Sea Cliff Village Administrator Bruce Kennedy highlighted the broader impact of the border crisis, describing it as a humanitarian issue.

“It is a crisis that has spread far beyond the border, as a flood of migrants has overwhelmed the resources of cities as far away as New York,” Kennedy wrote in a statement to the Herald. “The suffering of the migrants at the hands of drug cartels, human traffickers and exploitative employers is heartbreaking. We must recognize that the foremost victims of a porous, chaotic border are the immigrants themselves. Compassion and decency demand that we do not allow the current situation to continue.”

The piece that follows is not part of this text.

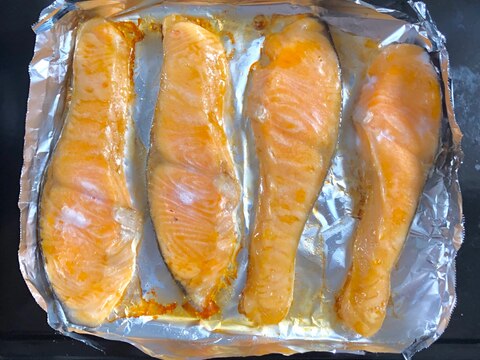 お弁当にも食卓にも最適!鮭の焼き方と保存方法!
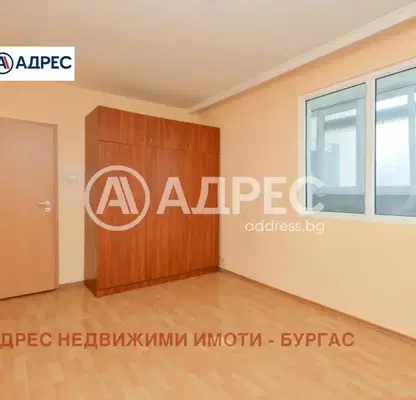 Снимка 3 — Многостаен апартамент в Бургас, Зорница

Glen Cove Mayor Pamela Panzenbeck criticized the Biden administration’s handling of the border crisis, saying the order is “nothing more than a cynical ploy, five months before the election, to convince Americans demanding a return to law and order that he’s on their side.”

“Our community welcomes those who come here legally to pursue the American dream,” Panzenbeck added. “But the Biden administration has ignored the crisis at our southern border, as drugs and criminals have flowed steadily into communities like ours, and voters are fed up.”

Oyster Bay Town Supervisor Joseph Saladino echoed Panzenbeck’s sentiments, saying the order fails to address the core issues at the border.

“After rolling back border protections and encouraging millions of illegal migrant crossings, President Biden is now signing weak laws that still allow thousands of migrants to enter our nation illegally each day,” Saladino said in a statement. “This political stunt is not nearly strong enough to solve the border crisis.”

In contrast, Connie Pinilla, president of the North Shore Hispanic Chamber of Commerce, supported Biden’s order, describing it as a responsible approach to managing the border crisis.

“I don’t think it’s unjust, in that it is taking action and approaching it in a responsible way,” Pinilla said. “I’m not savvy to the staffing of what they have and the issues that come up on a day-to-day basis, but I can make the general comment that I do believe it’s a problem that has to be managed properly to keep the right from pointing at the Democrats and saying, ‘You’re not doing anything about it.’”

In response to the border crisis, Congressmen Tom Suozzi and Henry Cuellar have launched the Democrats for Border Security Task Force, comprising 26 House Democrats who are dedicated to addressing immigration and border security. Suozzi and Cuellar will serve as co-chairs.

“This task force will advocate for common-sense, bipartisan compromise to achieve much-needed and long-overdue comprehensive immigration reform,” Suozzi wrote in a statement to the Herald. “We will work with anybody from any wing of any party if they genuinely care about solving this problem. Too many in politics today are focused on pointing out the problem and keep busy figuring out what tricks they have ‘up their sleeves’ to weaponize the border crisis. This task force will ‘roll up our sleeves’ to try to fix it.”